7 of 260 comments (clear)

  1. Noise level by Trevin · · Score: 2, Insightful

    My complaint about these system's isn't that they're harder to use -- most of the ones I've tried work well, as long as you use the limited vocabulary that the computer is programmed to understand. I don't like them because they're less efficient than the keypad for numeric input, and because (in many cases, though not all) you aren't given any option other than to speak aloud.

    What if you're in a busy office environment and you don't want to disturb your coworkers, or have people listening in to your conversation with a machine?

    What if you're at home in the early morning or late at night and don't want to disturb the other members of the household (roommate, significant other, baby, whatever)?

    What if you've lost your voice through injury or illness?

    I'll agree that for a long list of multiple-choice options, voice-recognition systems are a vast improvement over numeric menus. But at least they should all leave the option of providing digital input to a computerized system.

    1. Re:Noise level by _tognus · · Score: 2, Insightful
      What if you've lost your voice through injury or illness?

      Would you be using a phone in that case?

  2. Re:Usually works for me by Joe+U · · Score: 5, Insightful

    Amtrak's 'Julie' is actually one of the most advanced systems out there. It rarely misses a prompt and recovers gracefully if it does. (It even works while calling from a train doing 90mph in the middle of nowhere Iowa, that's an achievement all its own)

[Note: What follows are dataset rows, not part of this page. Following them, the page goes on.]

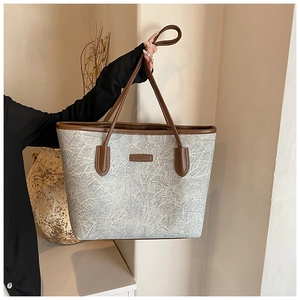 Detail of grey marble texture and brown leather trim on a large capacity tote bag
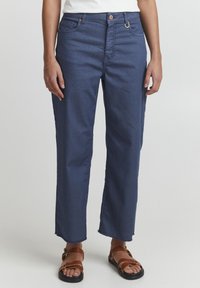 Jeans de mezclilla azul oscuro con corte recto, dobladillo deshilachado, diseño de cinco bolsillos y botones y herrajes de cobre en contraste.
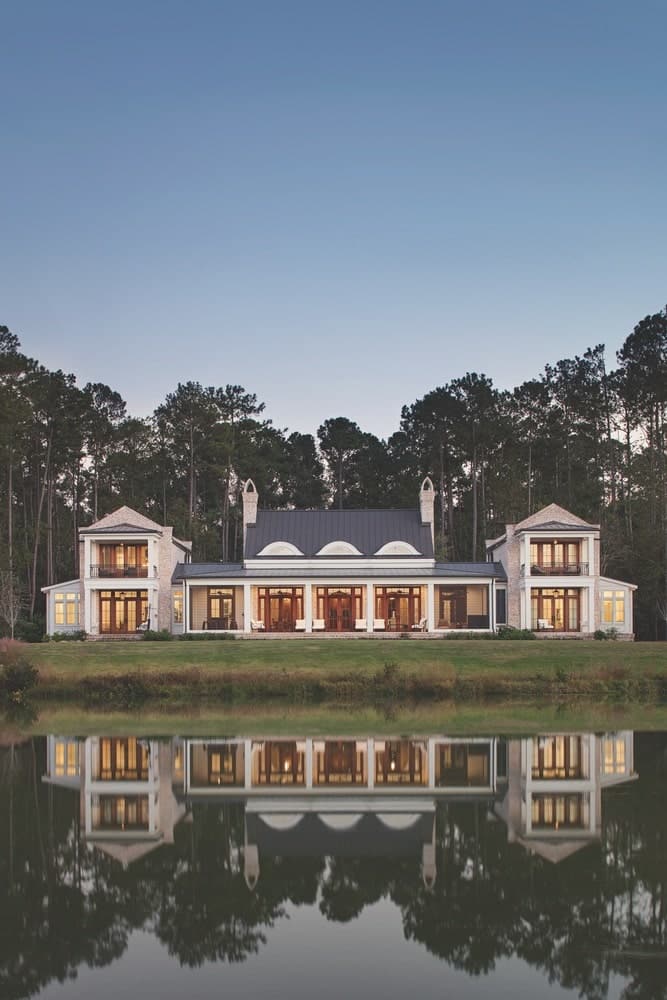 Exterior of a symmetrical, Southern red bricked home sitting on the waters edge shot by Richard Leo Johnson
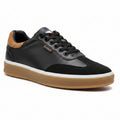 Black sneaker with brown accents held by a hand on a blurred background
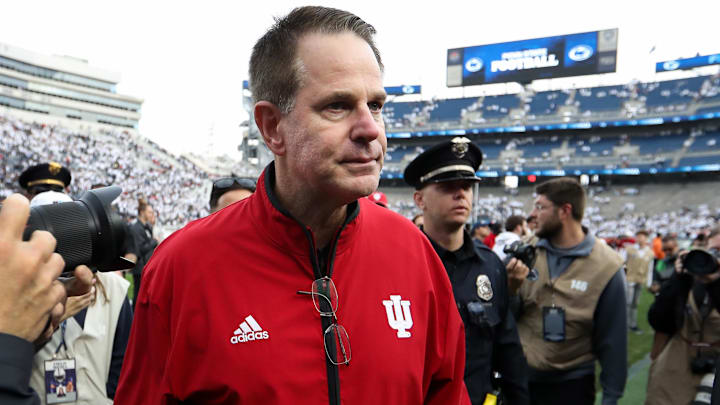 Indiana Hoosiers head coach Curt Cignetti walks off the field following his team's win over the Penn State Nittany Lions at Beaver Stadium. Indiana Hoosiers head coach Curt Cignetti walks off the field following his team's win over the Penn State Nittany Lions at Beaver Stadium.
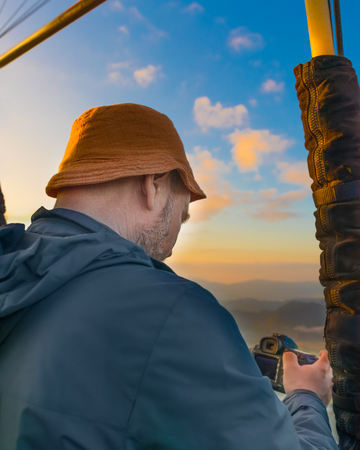 Photograther taking photo from air balloon during flight. Laos. Vang Vieng. Laos.の写真素材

    Between their website and voice system, there is a lot going on behind the scenes. Train travel is actually pretty difficult to book trips and maintain status, it's all the stops, and the literally hundreds of possibilities you can have for one trip.

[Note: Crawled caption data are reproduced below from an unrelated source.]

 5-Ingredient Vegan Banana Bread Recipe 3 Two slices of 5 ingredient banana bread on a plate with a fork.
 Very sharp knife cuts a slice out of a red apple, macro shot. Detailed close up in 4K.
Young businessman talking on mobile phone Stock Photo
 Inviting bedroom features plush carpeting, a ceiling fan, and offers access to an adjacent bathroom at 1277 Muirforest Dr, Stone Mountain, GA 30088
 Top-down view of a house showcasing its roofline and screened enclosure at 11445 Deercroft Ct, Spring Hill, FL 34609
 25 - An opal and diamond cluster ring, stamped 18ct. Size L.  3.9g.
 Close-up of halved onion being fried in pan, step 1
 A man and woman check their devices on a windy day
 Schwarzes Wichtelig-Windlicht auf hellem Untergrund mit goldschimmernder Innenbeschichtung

  3. Re:Real question? by Moofie · · Score: 5, Insightful

    I don't mind getting what I paid for. usually, when I'm calling one of these jokers, it's because I HAVEN'T gotten what I've paid for. Hence the problem.

    --
    Why yes, I AM a rocket scientist!
  4. Re:I work in the industry... by tulare · · Score: 2, Insightful

    Most companies simply transfer the calls, and if you get lucky, your account number might travel with the call.
    This is the problem with so many of such systems, as well as many if not most of the push-button systems. When I go through the hassle of telling a robot my 16-digit account number and then having it verify it - "You said four, four, three, two, zero..." - and then having the bot decide I really need a human to deal with the issue after all, it's damn rude and lazy of the company to make me as the customer go through it all again. One would think the companies would prefer to have the information forwarded to the CSR anyhow, as verifying account information over the phone takes time, and the more time the CSR spends doing something that a bot just did, the more people the company has to hire to fulfill a redundant role.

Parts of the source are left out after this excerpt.